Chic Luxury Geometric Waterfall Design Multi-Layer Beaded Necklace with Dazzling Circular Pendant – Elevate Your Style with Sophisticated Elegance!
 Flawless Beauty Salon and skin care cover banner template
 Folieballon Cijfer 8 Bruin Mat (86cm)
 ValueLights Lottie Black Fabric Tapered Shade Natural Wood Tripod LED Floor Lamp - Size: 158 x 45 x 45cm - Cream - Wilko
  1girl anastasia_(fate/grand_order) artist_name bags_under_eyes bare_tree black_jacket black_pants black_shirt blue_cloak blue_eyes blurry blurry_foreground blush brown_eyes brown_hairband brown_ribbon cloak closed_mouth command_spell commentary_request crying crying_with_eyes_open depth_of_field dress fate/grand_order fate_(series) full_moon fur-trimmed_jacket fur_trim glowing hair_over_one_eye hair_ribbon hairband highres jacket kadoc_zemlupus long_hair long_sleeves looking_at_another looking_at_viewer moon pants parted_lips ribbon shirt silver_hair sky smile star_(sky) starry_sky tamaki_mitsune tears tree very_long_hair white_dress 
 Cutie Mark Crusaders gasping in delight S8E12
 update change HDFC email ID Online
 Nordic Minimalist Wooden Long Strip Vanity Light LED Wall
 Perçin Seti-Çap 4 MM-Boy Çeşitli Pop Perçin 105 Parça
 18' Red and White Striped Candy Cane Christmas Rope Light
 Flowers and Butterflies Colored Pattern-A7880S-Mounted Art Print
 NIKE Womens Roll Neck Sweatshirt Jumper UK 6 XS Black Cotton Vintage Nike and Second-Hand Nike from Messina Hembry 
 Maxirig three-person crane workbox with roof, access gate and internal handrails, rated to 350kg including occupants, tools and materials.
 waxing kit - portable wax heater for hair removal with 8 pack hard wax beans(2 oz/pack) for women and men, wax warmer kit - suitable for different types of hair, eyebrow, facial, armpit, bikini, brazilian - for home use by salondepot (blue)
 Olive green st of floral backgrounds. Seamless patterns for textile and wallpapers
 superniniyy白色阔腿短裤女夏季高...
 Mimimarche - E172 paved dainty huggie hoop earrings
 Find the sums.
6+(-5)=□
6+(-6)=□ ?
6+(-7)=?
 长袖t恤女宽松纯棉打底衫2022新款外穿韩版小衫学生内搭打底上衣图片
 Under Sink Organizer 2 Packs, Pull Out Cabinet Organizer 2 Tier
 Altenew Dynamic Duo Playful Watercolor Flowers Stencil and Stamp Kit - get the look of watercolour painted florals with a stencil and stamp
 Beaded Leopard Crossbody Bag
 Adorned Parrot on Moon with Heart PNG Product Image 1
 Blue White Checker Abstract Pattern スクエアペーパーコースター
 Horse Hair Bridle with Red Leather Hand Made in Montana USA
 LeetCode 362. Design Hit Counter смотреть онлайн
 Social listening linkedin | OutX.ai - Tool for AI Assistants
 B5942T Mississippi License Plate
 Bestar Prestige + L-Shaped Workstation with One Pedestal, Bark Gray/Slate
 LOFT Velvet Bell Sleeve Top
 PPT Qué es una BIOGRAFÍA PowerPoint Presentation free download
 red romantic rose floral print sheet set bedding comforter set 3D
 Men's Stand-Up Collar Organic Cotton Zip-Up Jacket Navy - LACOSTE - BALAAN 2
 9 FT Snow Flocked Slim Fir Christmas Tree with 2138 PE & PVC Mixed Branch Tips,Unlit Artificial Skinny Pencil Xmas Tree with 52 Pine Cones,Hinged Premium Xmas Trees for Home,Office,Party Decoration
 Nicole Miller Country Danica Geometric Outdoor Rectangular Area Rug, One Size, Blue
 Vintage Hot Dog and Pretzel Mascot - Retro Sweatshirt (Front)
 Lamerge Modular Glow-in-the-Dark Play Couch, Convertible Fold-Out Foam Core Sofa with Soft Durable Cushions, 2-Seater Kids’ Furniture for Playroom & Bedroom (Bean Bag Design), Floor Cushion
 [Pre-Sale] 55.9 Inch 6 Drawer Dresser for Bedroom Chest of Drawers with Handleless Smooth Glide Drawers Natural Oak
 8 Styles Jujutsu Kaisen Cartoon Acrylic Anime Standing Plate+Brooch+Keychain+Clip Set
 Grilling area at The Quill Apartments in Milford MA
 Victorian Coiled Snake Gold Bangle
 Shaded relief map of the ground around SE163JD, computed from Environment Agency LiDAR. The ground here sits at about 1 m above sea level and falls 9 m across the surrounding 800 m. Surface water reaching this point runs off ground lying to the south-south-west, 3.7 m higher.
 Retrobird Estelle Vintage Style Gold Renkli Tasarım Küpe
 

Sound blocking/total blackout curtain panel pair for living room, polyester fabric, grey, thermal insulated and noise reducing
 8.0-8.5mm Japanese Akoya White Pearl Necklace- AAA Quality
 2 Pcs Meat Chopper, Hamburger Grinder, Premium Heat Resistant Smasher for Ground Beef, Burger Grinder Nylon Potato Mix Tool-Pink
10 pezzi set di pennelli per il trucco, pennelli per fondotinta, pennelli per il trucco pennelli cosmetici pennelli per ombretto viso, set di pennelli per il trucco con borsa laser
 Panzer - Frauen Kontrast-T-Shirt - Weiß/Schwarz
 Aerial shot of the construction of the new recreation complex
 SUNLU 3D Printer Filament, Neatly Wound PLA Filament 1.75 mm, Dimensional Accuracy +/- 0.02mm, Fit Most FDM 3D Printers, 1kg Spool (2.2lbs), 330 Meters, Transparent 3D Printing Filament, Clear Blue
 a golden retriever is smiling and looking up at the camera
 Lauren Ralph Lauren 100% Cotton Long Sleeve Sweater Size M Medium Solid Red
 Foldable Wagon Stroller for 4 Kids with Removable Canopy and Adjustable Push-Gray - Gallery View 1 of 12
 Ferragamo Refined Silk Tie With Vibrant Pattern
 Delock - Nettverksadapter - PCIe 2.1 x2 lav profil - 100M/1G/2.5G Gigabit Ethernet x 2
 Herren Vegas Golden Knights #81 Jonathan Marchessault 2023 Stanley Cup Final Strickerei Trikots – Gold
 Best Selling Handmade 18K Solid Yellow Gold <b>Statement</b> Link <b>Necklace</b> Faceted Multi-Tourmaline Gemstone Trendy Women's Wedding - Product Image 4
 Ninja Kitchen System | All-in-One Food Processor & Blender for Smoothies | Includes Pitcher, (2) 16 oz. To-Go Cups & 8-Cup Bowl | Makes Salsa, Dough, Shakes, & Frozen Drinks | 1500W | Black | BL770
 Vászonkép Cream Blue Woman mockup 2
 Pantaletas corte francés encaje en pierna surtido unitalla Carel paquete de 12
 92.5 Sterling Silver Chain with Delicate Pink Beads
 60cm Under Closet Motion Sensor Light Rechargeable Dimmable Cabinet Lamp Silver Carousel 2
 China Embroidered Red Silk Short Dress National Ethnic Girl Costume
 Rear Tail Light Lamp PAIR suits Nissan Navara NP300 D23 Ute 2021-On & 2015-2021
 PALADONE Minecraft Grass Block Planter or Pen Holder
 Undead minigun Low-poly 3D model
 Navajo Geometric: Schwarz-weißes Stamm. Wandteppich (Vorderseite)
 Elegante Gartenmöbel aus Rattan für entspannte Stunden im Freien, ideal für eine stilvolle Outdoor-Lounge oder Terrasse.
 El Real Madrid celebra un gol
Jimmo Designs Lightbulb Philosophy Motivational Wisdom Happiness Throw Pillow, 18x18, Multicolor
......
| What is needed |
Copy out each line of the records where the string "from" appears.

| Task result |
 NIKE Womens Roll Neck Sweatshirt Jumper UK 6 XS Black Cotton Vintage Nike and Second-Hand Nike from Messina Hembry 
 Shaded relief map of the ground around SE163JD, computed from Environment Agency LiDAR. The ground here sits at about 1 m above sea level and falls 9 m across the surrounding 800 m. Surface water reaching this point runs off ground lying to the south-south-west, 3.7 m higher.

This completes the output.